Stabbie in the kitchen and at the computer

London Stabbie has been quite annoyed today. He has resurrected his old computer in order to ensure that everything useful is removed, and exported his recipe book this morning. Now there is nothing more useful in keeping and disseminating and sharing recipes than a computer. One would think that after many years of storing recipes on computers someone would have figured out a good way of exporting recipes and then importing them into another computer or another program. One would be wrong. Very wrong. As wrong as drinking shiraz with lemon sole.

Stabbie was amazed at the speed of the export from a very old version of Mastercook into a text file. Less than 5 seconds for 2MB of recipes (Stabbie has lots of recipes).

Stabbie then copied the file into his new computer and fired up Mastercook 11, guaranteed to work with Windows 7. Then he imported the recipe file, and while there were a few mistakes (reported by the software) most of the recipes seemed to be imported fairly well.

So Stabbie took at look at his mother’s recipe for spaghetti and meatballs. He was surprised to learn that it required no meat, no tomatoes, but a lot of flour and sugar and baking powder. Somehow Mastercook had slipped a gear and missed out several recipes, putting the wrong labels on the subsequent ones.

So Stabbie deleted all the recipes, and opened the text file with the exported recipes in it. He now has to import them 10 or 20 at a time and go through each.
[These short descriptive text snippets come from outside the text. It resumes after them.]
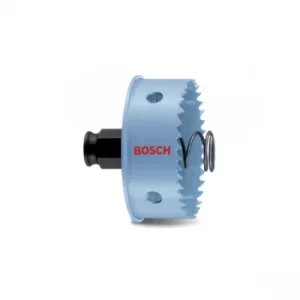 Bosch 2608584785 Hole Saw HSS-Co 27mm Metal Power-change & Ejector...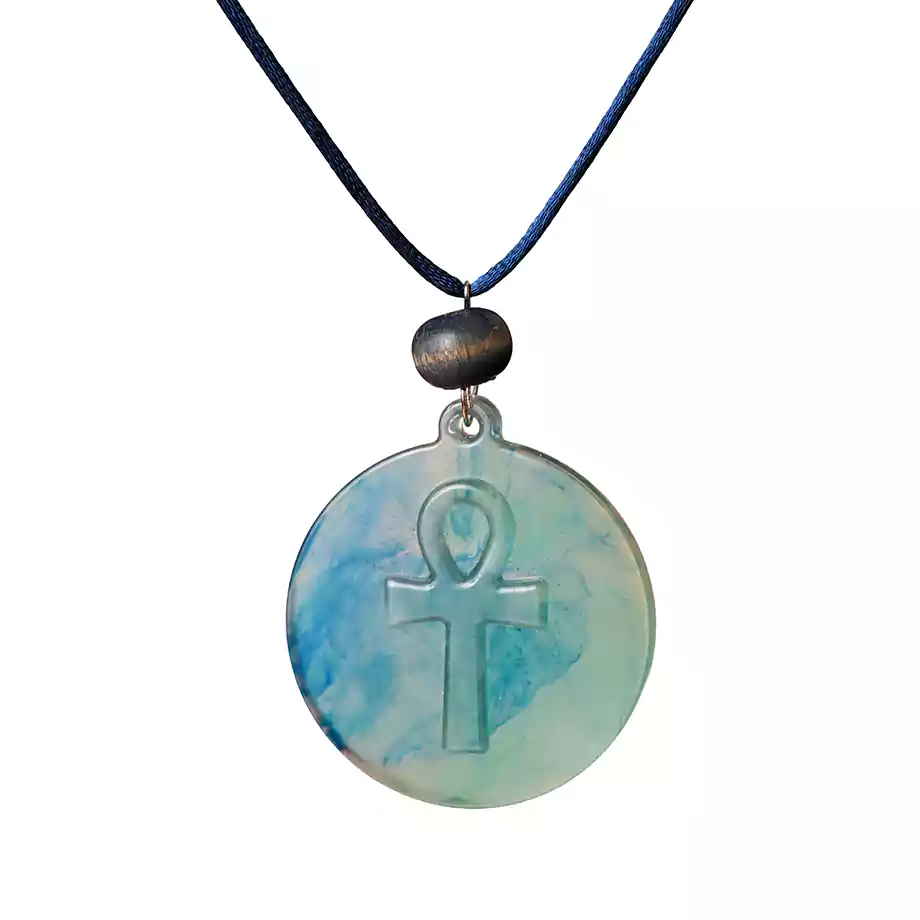 Ankh Ocean | Yaşam Anahtarı Sembolü - Görsel 2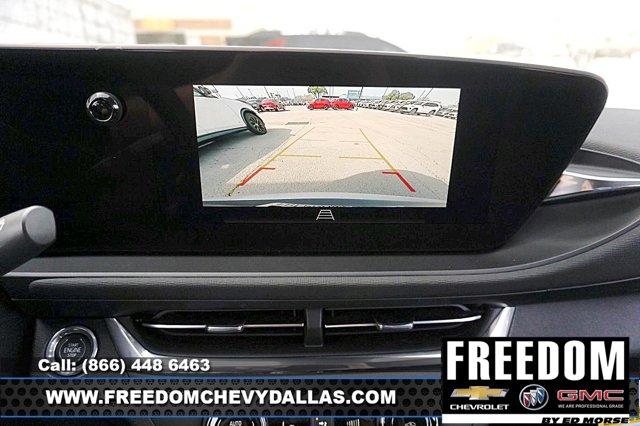 new 2026 Buick Envista car, priced at $25,679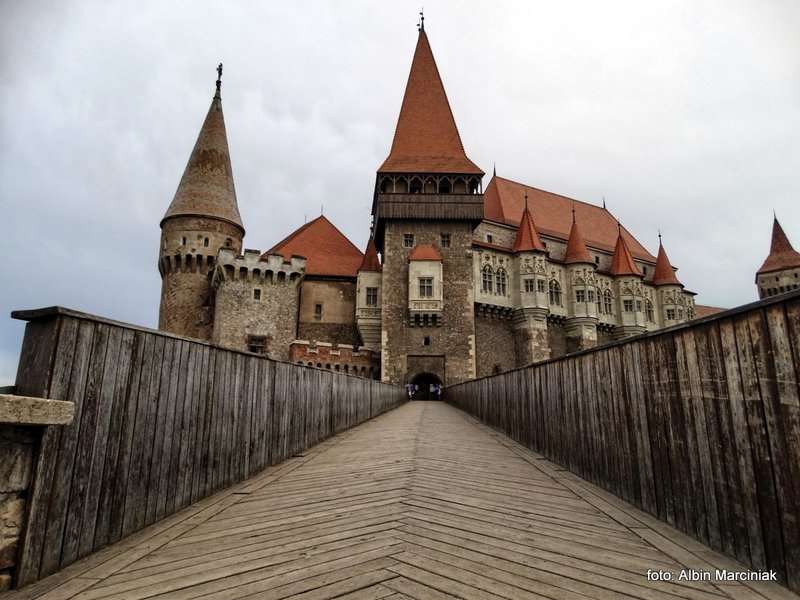 Zamek Hunedoara 39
Some have ingredients misplaced, and others don’t have the instructions or notes correct. Stabbie has more than 1500 recipes in his database. He’s not looking forward to the next four months.

Cooking software is written by dweebs for noobs.

This is also true for geneological software.

Stabbie would like to get the programmers, and especially the people who arranged the user interfaces and the import and export engines, into a very small dining room, lock them in, and feed them chocolate cake iced with Ex-Lax. The toilets will not be accessible.